-- Task material follows --

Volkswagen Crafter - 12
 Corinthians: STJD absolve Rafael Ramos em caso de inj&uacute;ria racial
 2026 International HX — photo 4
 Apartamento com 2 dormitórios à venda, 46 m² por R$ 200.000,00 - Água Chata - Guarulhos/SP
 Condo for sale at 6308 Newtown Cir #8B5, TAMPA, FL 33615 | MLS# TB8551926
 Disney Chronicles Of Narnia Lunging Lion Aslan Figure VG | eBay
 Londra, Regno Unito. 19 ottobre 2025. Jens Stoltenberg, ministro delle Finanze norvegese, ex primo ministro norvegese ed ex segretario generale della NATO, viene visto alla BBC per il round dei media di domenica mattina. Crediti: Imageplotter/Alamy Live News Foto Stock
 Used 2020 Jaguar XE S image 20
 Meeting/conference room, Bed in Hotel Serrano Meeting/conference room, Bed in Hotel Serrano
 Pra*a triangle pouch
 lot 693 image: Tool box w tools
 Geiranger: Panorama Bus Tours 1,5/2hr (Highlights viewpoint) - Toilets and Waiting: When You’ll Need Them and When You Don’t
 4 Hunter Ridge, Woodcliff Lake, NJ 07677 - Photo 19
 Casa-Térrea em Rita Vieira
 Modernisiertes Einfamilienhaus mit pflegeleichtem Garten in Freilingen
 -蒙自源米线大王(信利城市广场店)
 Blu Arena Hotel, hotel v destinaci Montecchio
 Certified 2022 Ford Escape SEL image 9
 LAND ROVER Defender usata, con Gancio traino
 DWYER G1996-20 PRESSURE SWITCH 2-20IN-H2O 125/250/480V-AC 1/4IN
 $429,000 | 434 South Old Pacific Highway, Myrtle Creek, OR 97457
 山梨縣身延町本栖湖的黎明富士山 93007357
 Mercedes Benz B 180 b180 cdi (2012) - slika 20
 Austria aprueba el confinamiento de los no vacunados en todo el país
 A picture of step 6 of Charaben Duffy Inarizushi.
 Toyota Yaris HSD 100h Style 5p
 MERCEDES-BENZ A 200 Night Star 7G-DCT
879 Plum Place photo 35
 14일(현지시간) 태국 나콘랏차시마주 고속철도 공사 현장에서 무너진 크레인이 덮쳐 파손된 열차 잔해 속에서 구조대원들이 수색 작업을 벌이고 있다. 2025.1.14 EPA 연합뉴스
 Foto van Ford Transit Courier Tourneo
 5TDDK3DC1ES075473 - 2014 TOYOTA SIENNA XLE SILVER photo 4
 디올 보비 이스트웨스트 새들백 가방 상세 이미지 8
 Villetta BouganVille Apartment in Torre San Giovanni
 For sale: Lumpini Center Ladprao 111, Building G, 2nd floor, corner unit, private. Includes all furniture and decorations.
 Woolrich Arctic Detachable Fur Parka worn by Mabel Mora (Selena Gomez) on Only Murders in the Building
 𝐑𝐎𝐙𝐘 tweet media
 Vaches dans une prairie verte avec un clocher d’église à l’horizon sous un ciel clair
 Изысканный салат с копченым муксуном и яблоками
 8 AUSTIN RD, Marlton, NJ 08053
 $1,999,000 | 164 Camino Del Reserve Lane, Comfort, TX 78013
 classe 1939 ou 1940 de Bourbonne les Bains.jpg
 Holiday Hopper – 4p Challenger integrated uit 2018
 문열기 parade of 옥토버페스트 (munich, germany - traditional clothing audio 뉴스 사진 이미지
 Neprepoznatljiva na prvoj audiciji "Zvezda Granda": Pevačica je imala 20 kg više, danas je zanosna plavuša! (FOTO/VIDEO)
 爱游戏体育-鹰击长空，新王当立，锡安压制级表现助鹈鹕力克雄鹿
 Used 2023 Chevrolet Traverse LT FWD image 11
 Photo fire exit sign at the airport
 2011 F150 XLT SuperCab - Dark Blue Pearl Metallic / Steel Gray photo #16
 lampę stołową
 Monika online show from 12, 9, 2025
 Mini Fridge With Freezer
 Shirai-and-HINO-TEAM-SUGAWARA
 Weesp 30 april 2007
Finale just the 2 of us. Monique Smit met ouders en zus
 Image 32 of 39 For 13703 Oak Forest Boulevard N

-- Task material concluded --

> _Problem_: Would you please set down the lines from the one with "Used 2023 Chevrolet Traverse LT FWD image 11" to the end of the data above, exactly and without any other lines?

> _Your response_:
 Used 2023 Chevrolet Traverse LT FWD image 11
 Photo fire exit sign at the airport
 2011 F150 XLT SuperCab - Dark Blue Pearl Metallic / Steel Gray photo #16
 lampę stołową
 Monika online show from 12, 9, 2025
 Mini Fridge With Freezer
 Shirai-and-HINO-TEAM-SUGAWARA
 Weesp 30 april 2007
Finale just the 2 of us. Monique Smit met ouders en zus
 Image 32 of 39 For 13703 Oak Forest Boulevard N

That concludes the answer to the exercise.